In many households and in our culture at large, this has become a cardinal sin--even if it's unspoken.

On the surface, our national boredom does not make sense.  Most of our cable systems offer us from 24 to more than 224 channels.  If being entertained is our highest goal, there's a channel for almost every imaginable interest or channels to revisit the world of nostalgia when many people found greater meaning. (Personally, nostalgia is overrated, it makes us immediately devalue the present and things in the past are always better in our memory than they were when we were experiencing them first-hand).

The world of technology is constantly inventing a new toy to capture our imaginations, each news cycle creates something new for us to debate over coffee or on Twitter and Facebook.   And if you don't find anything there to stimulate you, get your video cam and make something you can send to America's Funniest Home Videos.  Who knows, you might win the $10,000 prize so that you can have money to spend and be further bored with your life.

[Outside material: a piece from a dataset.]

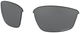 Oakley Ersatzgläser für Half Jacket® 2.0 Brille - prizm black/normal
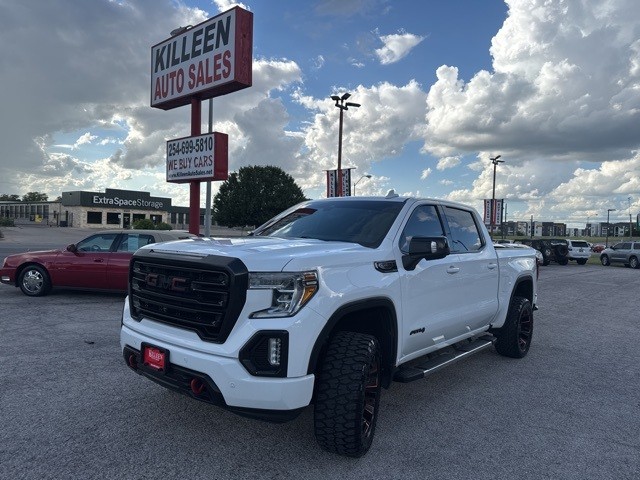 GMC Sierra 1500 Vehicle Image 02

Boredom is not a sin, and certainly not a deadly one (despite what your teenager may say almost every day.) How we respond to boredom, however, may say something about the presence of sin in our lives. What is the source of our boredom?

Part of it may be our tendency to think that it's all about us.  The universe owes us stimulation and entertainment.


Part of it may be our addiction to adrenalin.  Things are only valuable if they get us "pumped" and after while being pumped becomes our goal--not the value of our activity.

Part of it may be our discontent with life in general.  We would be quick to agree with Solomon, "Meaningless, meaningless, all is meaningless."

Perhaps we need to be agreeing with the apostle Paul, "Godliness with contentment is great gain."

Actually, Solomon followed his observation with the prescription for a life of meaning, where boredom cannot come in and rob and steal.  "He has set eternity in our hearts ... He makes all things beautiful in its time."

The whole quote goes like this ... "I have seen the burden God has laid on the human race.  He has made everything beautiful in its time. He has also set eternity in the human heart; yet no one can fathom what God has done from beginning to end. I know that there is nothing better for people than to be happy and to do good while they live. That each of them may eat and drink, and find satisfaction in all their toil—this is the gift of God. I know that everything God does will endure forever; nothing can be added to it and nothing taken from it. God does it so that people will fear him.." - Ecclesiastes 3.10-14
 


It is my experience that when we live with eternity in our heart and our eyes fixed on God’s working in and through us, even boredom can be a time of strength and satisfaction.  Sometimes the work God is doing seems boring but only when I am a spectator looking for stimulation instead of a servant living in His significance.